For candidates looking to move into that mid-level space, certification is the most practical lever available. PMP, LEED AP, Autodesk Certified Professional, and ISO 19650 BIM Management credentials all carry real weight with employers. They signal investment in professional development and shorten the ramp-up time a firm needs to factor in when they hire. Platforms like Coursera, LinkedIn Learning, and professional bodies like CIOB and RICS have made fast-track pathways genuinely accessible. For the right candidate, six months of focused upskilling can open doors that were closed twelve months ago.
What Employers Need to Get Right
Salary matters. But it stopped being the whole story a while ago.
Gen Z now makes up a growing share of the AEC workforce, and they approach job decisions differently. They research employers before applying. They look at Glassdoor. They check social media. They want to know what the career path actually looks like, not just in theory but in practice. A well-written job description and a strong offer letter are not enough if the rest of the picture does not hold up.
The firms attracting the best candidates right now are offering clear and honest career progression, flexibility where the project type allows it, investment in modern tools because nobody wants to spend their working day on outdated software, mentorship structures that connect newer professionals with experienced ones, and a genuine commitment to sustainable project work that shows up in their portfolio, not just their website copy.
That last point carries more weight than many employers expect. For a growing number of AEC professionals, the type of work a firm does is part of the decision. Green project portfolios are a real recruitment advantage.
A Note for Recruitment Agencies and AEC Firms
Specialist AEC hiring is not the same as generalist recruitment. The roles are technical, the candidate pools are small, and the cost of getting it wrong, in delays, rework, and lost client trust, is high. Agencies that treat AEC like any other sector will consistently underdeliver for their clients.
The difference between a BIM Coordinator and a BIM Manager matters. Understanding FIDIC contracts matters. Being able to look at a candidate’s project portfolio and assess it with confidence matters. The agencies getting the best results in 2026 are building that domain knowledge into their teams and using proactive headhunting and talent mapping rather than waiting for applications to come in.
Cross-border hiring is also growing. Movements between the UK, Middle East, India, and Southeast Asia are increasingly common, and agencies that can handle the complexity around licensing recognition, international mobility, and relocation logistics are becoming an important part of how growth-oriented AEC firms build their teams.
The Next 12 to 18 Months
The hiring market stays tight.
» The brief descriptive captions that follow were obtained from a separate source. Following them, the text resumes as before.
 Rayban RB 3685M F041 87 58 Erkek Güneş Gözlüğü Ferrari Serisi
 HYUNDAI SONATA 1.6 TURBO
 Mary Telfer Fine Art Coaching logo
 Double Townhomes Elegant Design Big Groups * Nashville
Infrastructure investment, net-zero building requirements, and continued urban growth in emerging markets will keep demand high. The talent pipeline will improve gradually, but not fast enough to take the pressure off.
A few things worth tracking: AI tool literacy is moving from optional to expected in job descriptions. Modular and offsite construction is growing fast and creating roles that barely existed five years ago. Data analytics is becoming a real part of AEC project delivery, and professionals who can work with project performance data are increasingly valued. And diversity and inclusion in hiring is getting more attention across the industry, particularly in markets where AEC has been slow to reflect the wider workforce.
Where This Leaves You
The opportunity in AEC right now is real, for job seekers, employers, and the agencies connecting them. But it rewards preparation over reaction.
If you are looking for your next role, invest in the skills and credentials that close the gap between where you are and where the market is heading. If you are hiring, think about what you are actually offering candidates, not just in salary but in everything else that shapes a decision. And if you are in recruitment, the AEC market in 2026 will separate the specialists from the generalists very quickly.
The work is there. The question is whether the right people are in the right positions to do it.